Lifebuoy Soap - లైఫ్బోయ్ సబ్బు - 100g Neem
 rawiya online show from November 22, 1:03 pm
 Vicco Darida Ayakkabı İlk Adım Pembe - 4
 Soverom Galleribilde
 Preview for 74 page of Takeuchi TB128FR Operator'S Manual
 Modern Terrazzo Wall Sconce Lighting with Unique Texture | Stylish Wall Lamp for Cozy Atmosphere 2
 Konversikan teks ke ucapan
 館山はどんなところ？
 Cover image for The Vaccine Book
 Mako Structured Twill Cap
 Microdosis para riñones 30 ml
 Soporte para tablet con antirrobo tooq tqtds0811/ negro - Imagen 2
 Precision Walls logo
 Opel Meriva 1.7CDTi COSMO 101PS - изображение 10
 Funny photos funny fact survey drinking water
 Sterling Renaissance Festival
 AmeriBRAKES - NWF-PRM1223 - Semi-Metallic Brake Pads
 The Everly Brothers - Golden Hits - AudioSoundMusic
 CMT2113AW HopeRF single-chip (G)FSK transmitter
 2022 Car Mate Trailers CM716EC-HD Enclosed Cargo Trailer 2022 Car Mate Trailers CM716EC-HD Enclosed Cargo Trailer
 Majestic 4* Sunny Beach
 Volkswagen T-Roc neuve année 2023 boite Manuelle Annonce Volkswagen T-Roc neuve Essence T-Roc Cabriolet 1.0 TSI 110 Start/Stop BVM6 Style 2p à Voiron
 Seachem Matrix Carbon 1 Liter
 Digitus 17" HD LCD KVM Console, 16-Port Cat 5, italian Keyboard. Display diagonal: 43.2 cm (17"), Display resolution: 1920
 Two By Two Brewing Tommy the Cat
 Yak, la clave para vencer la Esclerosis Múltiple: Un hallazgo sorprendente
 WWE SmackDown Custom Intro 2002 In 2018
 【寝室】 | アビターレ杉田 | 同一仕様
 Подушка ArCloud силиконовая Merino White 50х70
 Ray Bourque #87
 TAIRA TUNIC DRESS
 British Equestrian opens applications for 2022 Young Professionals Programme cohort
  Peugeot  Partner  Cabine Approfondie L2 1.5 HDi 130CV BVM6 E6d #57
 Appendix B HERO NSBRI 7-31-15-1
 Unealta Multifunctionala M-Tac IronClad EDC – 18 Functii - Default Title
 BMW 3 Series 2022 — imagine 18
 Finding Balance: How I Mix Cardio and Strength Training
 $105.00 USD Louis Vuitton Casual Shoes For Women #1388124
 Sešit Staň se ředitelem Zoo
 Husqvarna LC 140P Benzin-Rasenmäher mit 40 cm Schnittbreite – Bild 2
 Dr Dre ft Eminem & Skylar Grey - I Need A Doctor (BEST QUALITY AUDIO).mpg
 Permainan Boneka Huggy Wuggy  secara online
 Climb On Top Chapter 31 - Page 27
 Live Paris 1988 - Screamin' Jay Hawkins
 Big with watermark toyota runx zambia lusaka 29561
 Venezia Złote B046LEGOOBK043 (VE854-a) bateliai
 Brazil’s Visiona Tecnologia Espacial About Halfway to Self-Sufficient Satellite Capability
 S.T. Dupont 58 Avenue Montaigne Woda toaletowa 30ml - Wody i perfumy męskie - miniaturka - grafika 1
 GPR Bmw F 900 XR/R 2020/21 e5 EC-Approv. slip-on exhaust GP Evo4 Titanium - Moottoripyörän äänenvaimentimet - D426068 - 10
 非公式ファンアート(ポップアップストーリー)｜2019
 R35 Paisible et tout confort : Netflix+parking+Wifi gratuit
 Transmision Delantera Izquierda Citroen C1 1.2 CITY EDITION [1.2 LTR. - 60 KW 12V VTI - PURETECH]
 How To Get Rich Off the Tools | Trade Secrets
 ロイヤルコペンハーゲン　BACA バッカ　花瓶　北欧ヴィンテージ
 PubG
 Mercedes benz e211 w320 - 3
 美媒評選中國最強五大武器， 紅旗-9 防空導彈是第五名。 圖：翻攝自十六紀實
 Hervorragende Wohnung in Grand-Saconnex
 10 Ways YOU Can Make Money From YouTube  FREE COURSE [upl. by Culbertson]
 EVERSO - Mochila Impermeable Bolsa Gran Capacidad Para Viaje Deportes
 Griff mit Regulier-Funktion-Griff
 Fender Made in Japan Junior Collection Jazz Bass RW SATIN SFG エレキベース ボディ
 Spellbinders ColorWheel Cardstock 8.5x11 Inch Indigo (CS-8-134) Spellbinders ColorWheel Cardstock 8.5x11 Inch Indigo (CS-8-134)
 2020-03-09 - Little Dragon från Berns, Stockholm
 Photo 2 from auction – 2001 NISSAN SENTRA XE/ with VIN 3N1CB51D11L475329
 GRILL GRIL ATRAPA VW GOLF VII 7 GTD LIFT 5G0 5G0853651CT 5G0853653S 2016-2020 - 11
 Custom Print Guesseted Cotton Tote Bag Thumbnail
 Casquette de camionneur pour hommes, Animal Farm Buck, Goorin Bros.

******

* **Problem requirements**
The response should contain each record above, retyped exactly.

* **Written reply**
Lifebuoy Soap - లైఫ్బోయ్ సబ్బు - 100g Neem
 rawiya online show from November 22, 1:03 pm
 Vicco Darida Ayakkabı İlk Adım Pembe - 4
 Soverom Galleribilde
 Preview for 74 page of Takeuchi TB128FR Operator'S Manual
 Modern Terrazzo Wall Sconce Lighting with Unique Texture | Stylish Wall Lamp for Cozy Atmosphere 2
 Konversikan teks ke ucapan
 館山はどんなところ？
 Cover image for The Vaccine Book
 Mako Structured Twill Cap
 Microdosis para riñones 30 ml
 Soporte para tablet con antirrobo tooq tqtds0811/ negro - Imagen 2
 Precision Walls logo
 Opel Meriva 1.7CDTi COSMO 101PS - изображение 10
 Funny photos funny fact survey drinking water
 Sterling Renaissance Festival
 AmeriBRAKES - NWF-PRM1223 - Semi-Metallic Brake Pads
 The Everly Brothers - Golden Hits - AudioSoundMusic
 CMT2113AW HopeRF single-chip (G)FSK transmitter
 2022 Car Mate Trailers CM716EC-HD Enclosed Cargo Trailer 2022 Car Mate Trailers CM716EC-HD Enclosed Cargo Trailer
 Majestic 4* Sunny Beach
 Volkswagen T-Roc neuve année 2023 boite Manuelle Annonce Volkswagen T-Roc neuve Essence T-Roc Cabriolet 1.0 TSI 110 Start/Stop BVM6 Style 2p à Voiron
 Seachem Matrix Carbon 1 Liter
 Digitus 17" HD LCD KVM Console, 16-Port Cat 5, italian Keyboard. Display diagonal: 43.2 cm (17"), Display resolution: 1920
 Two By Two Brewing Tommy the Cat
 Yak, la clave para vencer la Esclerosis Múltiple: Un hallazgo sorprendente
 WWE SmackDown Custom Intro 2002 In 2018
 【寝室】 | アビターレ杉田 | 同一仕様
 Подушка ArCloud силиконовая Merino White 50х70
 Ray Bourque #87
 TAIRA TUNIC DRESS
 British Equestrian opens applications for 2022 Young Professionals Programme cohort
  Peugeot  Partner  Cabine Approfondie L2 1.5 HDi 130CV BVM6 E6d #57
 Appendix B HERO NSBRI 7-31-15-1
 Unealta Multifunctionala M-Tac IronClad EDC – 18 Functii - Default Title
 BMW 3 Series 2022 — imagine 18
 Finding Balance: How I Mix Cardio and Strength Training
 $105.00 USD Louis Vuitton Casual Shoes For Women #1388124
 Sešit Staň se ředitelem Zoo
 Husqvarna LC 140P Benzin-Rasenmäher mit 40 cm Schnittbreite – Bild 2
 Dr Dre ft Eminem & Skylar Grey - I Need A Doctor (BEST QUALITY AUDIO).mpg
 Permainan Boneka Huggy Wuggy  secara online
 Climb On Top Chapter 31 - Page 27
 Live Paris 1988 - Screamin' Jay Hawkins
 Big with watermark toyota runx zambia lusaka 29561
 Venezia Złote B046LEGOOBK043 (VE854-a) bateliai
 Brazil’s Visiona Tecnologia Espacial About Halfway to Self-Sufficient Satellite Capability
 S.T. Dupont 58 Avenue Montaigne Woda toaletowa 30ml - Wody i perfumy męskie - miniaturka - grafika 1
 GPR Bmw F 900 XR/R 2020/21 e5 EC-Approv. slip-on exhaust GP Evo4 Titanium - Moottoripyörän äänenvaimentimet - D426068 - 10
 非公式ファンアート(ポップアップストーリー)｜2019
 R35 Paisible et tout confort : Netflix+parking+Wifi gratuit
 Transmision Delantera Izquierda Citroen C1 1.2 CITY EDITION [1.2 LTR. - 60 KW 12V VTI - PURETECH]
 How To Get Rich Off the Tools | Trade Secrets
 ロイヤルコペンハーゲン　BACA バッカ　花瓶　北欧ヴィンテージ
 PubG
 Mercedes benz e211 w320 - 3
 美媒評選中國最強五大武器， 紅旗-9 防空導彈是第五名。 圖：翻攝自十六紀實
 Hervorragende Wohnung in Grand-Saconnex
 10 Ways YOU Can Make Money From YouTube  FREE COURSE [upl. by Culbertson]
 EVERSO - Mochila Impermeable Bolsa Gran Capacidad Para Viaje Deportes
 Griff mit Regulier-Funktion-Griff
 Fender Made in Japan Junior Collection Jazz Bass RW SATIN SFG エレキベース ボディ
 Spellbinders ColorWheel Cardstock 8.5x11 Inch Indigo (CS-8-134) Spellbinders ColorWheel Cardstock 8.5x11 Inch Indigo (CS-8-134)
 2020-03-09 - Little Dragon från Berns, Stockholm
 Photo 2 from auction – 2001 NISSAN SENTRA XE/ with VIN 3N1CB51D11L475329
 GRILL GRIL ATRAPA VW GOLF VII 7 GTD LIFT 5G0 5G0853651CT 5G0853653S 2016-2020 - 11
 Custom Print Guesseted Cotton Tote Bag Thumbnail
 Casquette de camionneur pour hommes, Animal Farm Buck, Goorin Bros.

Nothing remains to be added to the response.